Friday, March 13, 2020

Acquitted, and sentenced for it anyway

If you are ever on a jury, there are a few things you need to know, that the judge will not tell you. You can find many of them online at the Fully Informed Jury Association .

Here is a big one, that they don't even mention.

Law site:
Trial by jury is essential to preserving liberty because it protects individuals from arbitrary use of government power by allowing the people to act independently of the state. Accordingly, upholding the people’s role in the administration of justice is foundational to upholding the purpose of this procedural guarantee.

Against this background, U.S. Sens. Dick Durbin, D-Ill., and Chuck Grassley, R-Iowa, recently introduced the Prohibiting Punishment of Acquitted Conduct Act of 2019. The bill seeks to address the insidious practice known as acquitted conduct sentencing, wherein a judge enhances a sentence based on conduct underlying charges for which a defendant has been acquitted by a jury.

You read that correctly. Under current law, federal judges are permitted to sentence individuals based on charges for which a jury found them not guilty.
Another legal site:
“Most lawyers, as well as ordinary citizens unfamiliar with the daily procedures of criminal law administration, are astonished to learn that a person in this society may be sentenced to prison on the basis of conduct of which a jury has acquitted him, or on the basis of charges that did not result in conviction,” Yale law professor Daniel J. Freed, a sententencing expert, wrote in 1992. Almost 30 years later, last week, this lawyer was herself astonished to learn this fact.
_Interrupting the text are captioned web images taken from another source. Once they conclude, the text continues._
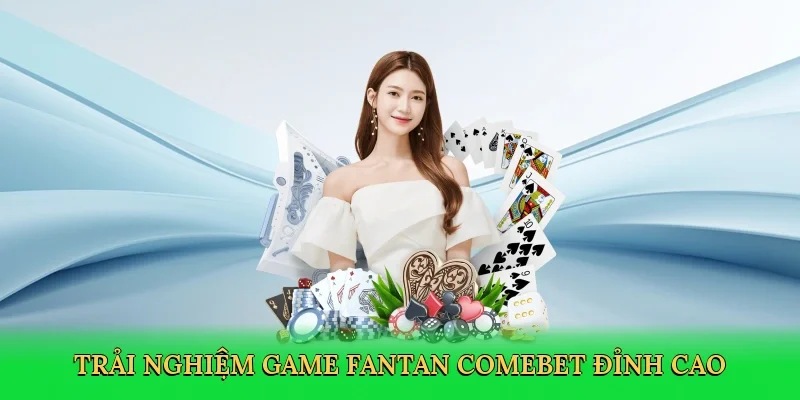 Trải nghiệm game fantan Comebet đỉnh cao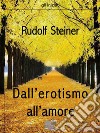 Dall&apos;erotismo all&apos;amore. E-book. Formato EPUB ebook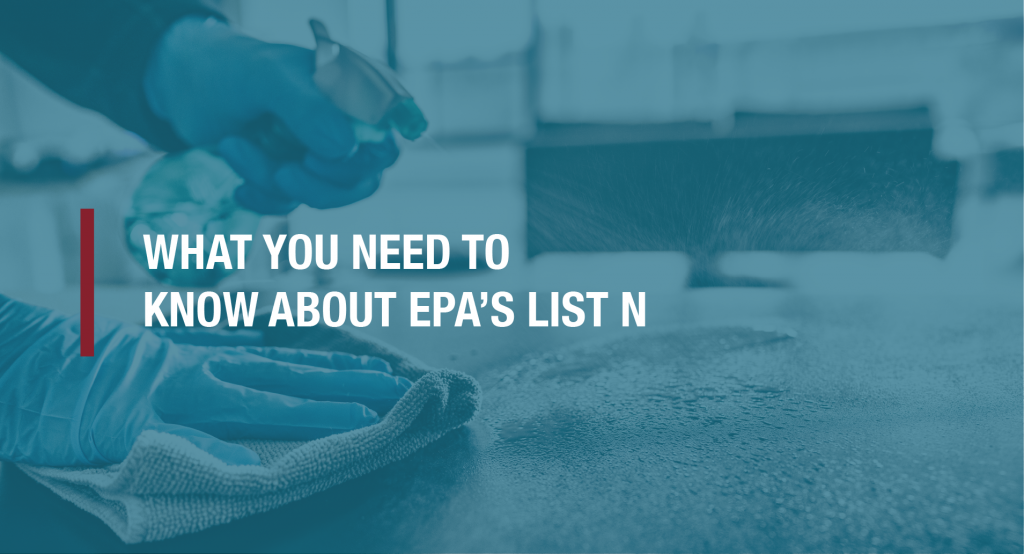 What you need to know about EPA's List N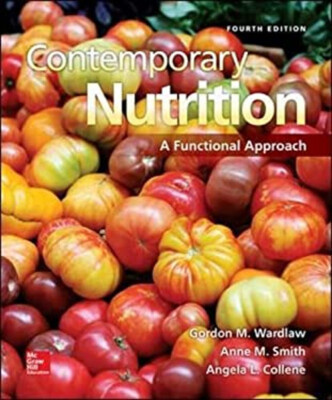 Contemporary Nutrition: a Functional Approach Paperback
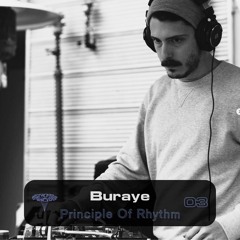 Principle Of Rhythm: Buraye Live [From The Void Above]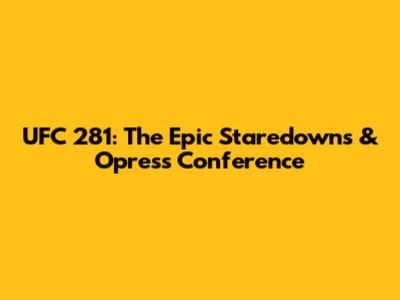 UFC 281: The Epic Staredowns & Opress Conference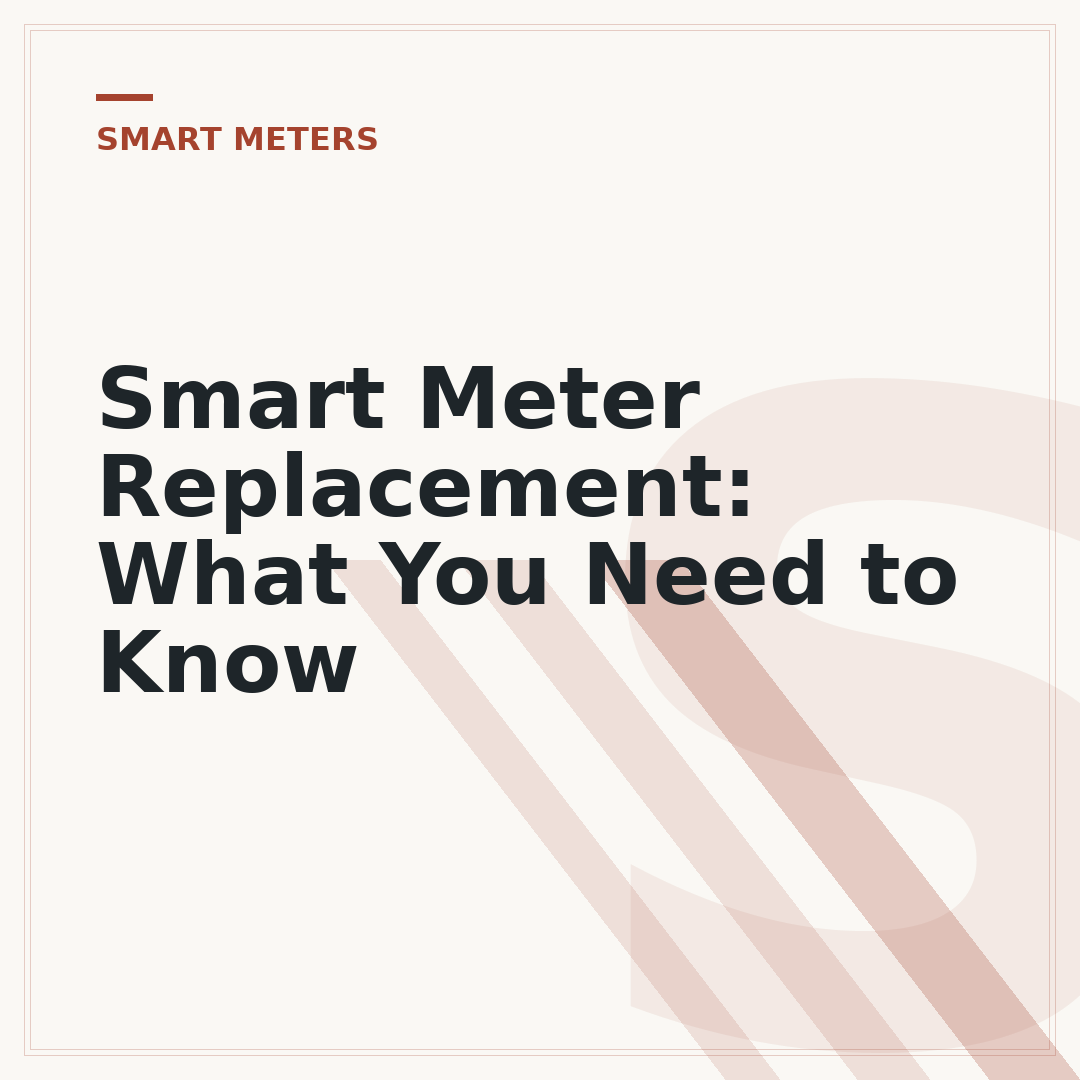Smart Meter Replacement: What You Need to Know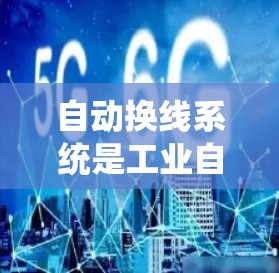 自动换线系统是工业自动化中的一项创新技术，旨在通过实时监控和数据分析，减少人为操作带来的错误和浪费，提高生产效率和产品质量。以下是对该系统进行的详细分析和总结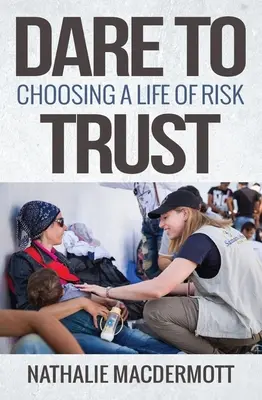 Oser la confiance : Le choix d'une vie à risque - Dare to Trust: Choosing a Life of Risk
Can that really happen? “Yes, it can,” writes Oklahoma City University law professor Barry Johnson. “In federal court and many state courts, once a defendant is convicted, under the concept of relevant conduct, the defendant’s sentence can be increased by the consideration of uncharged, dismissed, or even acquitted conduct of the defendant. … Relevant conduct allows a sentencing court to reach as far back in time as can be said to be part of the scheme, plan, or enterprise related to the defendant’s convicted offense.”
This is not just hypothetical. Harvey Weinstein was acquitted of the more serious charges, but the judge sentenced him for them anyway. The LA Times reports:
“Although this is a first conviction, this is not a first offense," Judge James Burke said in imposing the sentence.
In other words, the judge sentenced Weinstein to spend the rest of his life in prison because of accusations that were not even charged as crimes, and for charges that the jury decided to acquit.